Oltre alla rubrica in live su Instagram, #ACasaConVlad, in cui abbiamo intervistato tantissimi nomi noti del mondo del calcio, siamo riusciti a contattare anche un ex attaccante di Serie A: Antonio Floro Flores. L’ex Udinese e Sassuolo ha concesso un’intervista ai microfoni di LBDV, in cui ha ripercorso il suo passato, il suo presente e cercato di pianificare il suo futuro:
C’è qualcosa che sin da ragazzino ti ha spinto ad intraprendere la carriera di calciatore?
“La passione. Il calciatore non è come un lavoro in cui tu scegli cosa fare. Il calciatore è una cosa che viene da sé, ci nasci; è una passione da coltivare. C’è chi ha la fortuna di intraprendere questo percorso e chi invece, ahimé, non è così fortunato. Il mio istinto mi ha portato a seguire questa strada, in famiglia non avevo nessuno che appartenesse a questo mondo”.
Giocare per la squadra della propria città ha sempre una sapore particolare. Come hai vissuto la tua esperienza a Napoli?
“Ero spensierato all’inizio perché per me era un mondo nuovo, quindi non avevo pressioni. Quando poi ho fatto il mio debutto ho capito quanto valesse quella maglia per una città intera; una città in cui c’è gente che lascia la propria famiglia la domenica per andare allo stadio. Inizi a vedere il calcio con occhio diverso, inizi ad essere responsabile nei confronti di quella città che vuole tanto da te. Soprattutto perché passi dallo stare in curva al calcare il campo; vieni catapultato in un mondo che non conosci. Ad inizio ritiro ero emozionato perché avevo incontrato persone che fino ad allora vedevo solamente in televisione. Fino ad un mese prima speravi anche solo di farti dare una maglia da quei calciatori e poi con loro inizi ad allenarti. Da bambino non sognavo di giocare in nazionale ma nel Napoli. E quando si è avverato sono stato l’uomo più felice del mondo. E ricordo tutto di quel momento, l’inizio e persino l’addio in malo modo. Ma se non vivi quelle esperienze è difficile raccontarle”.

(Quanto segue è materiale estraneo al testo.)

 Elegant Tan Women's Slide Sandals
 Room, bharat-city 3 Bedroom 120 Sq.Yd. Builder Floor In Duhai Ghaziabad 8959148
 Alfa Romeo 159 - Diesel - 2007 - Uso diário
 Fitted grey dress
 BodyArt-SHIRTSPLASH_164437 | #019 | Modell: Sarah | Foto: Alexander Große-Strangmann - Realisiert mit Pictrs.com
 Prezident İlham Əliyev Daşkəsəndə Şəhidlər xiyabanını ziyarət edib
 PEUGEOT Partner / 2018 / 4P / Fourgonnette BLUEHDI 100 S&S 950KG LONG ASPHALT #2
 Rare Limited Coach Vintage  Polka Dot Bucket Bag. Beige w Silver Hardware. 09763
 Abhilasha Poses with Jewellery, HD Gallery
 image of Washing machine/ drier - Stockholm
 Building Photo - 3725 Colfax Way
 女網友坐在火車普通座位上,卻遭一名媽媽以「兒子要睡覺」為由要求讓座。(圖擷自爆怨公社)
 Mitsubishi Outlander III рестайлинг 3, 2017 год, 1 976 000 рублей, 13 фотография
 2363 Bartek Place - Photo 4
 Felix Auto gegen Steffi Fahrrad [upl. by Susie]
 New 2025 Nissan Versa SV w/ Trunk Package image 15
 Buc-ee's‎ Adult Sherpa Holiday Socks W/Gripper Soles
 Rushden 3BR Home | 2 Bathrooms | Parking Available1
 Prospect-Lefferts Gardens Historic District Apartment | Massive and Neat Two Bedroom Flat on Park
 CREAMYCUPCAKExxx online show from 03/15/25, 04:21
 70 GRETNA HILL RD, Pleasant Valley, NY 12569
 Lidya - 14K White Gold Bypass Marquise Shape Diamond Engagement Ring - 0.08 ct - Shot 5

Con l’Arezzo raggiungi il record personale di gol (17) in una singola stagione. Come sono stati i due anni in Toscana?
“Prima di andare da Arezzo sono stato a Perugia, anche lì un fallimento come a Napoli. Era un periodo in cui non percepivo uno stipendio, stava nascendo mia figlia, avevo un mutuo, ma cose che senza uno stipendio per sei mesi diventano pesanti. Ero spaventato ma allo stesso tempo sicuro di poter dare un grande contributo all’Arezzo. Il primo anno siamo stati vicini ai playoff; il secondo anno ci sono stati problemi legati ad anni precedenti al mio approdo, che riguardavano il calcio scommesse, quindi siamo partiti con sei punti di penalizzazione ma avevamo due allenatori come Sarri e Conte. Due anni che mi hanno segnato, perché mi hanno lanciato nel calcio che conta”.
Infatti poi arriva l’Udinese, la permanenza più lunga in uno stesso club, torni in Serie A e giochi in Coppa UEFA segnando anche un gol. Come sono stati quegli anni in bianconero?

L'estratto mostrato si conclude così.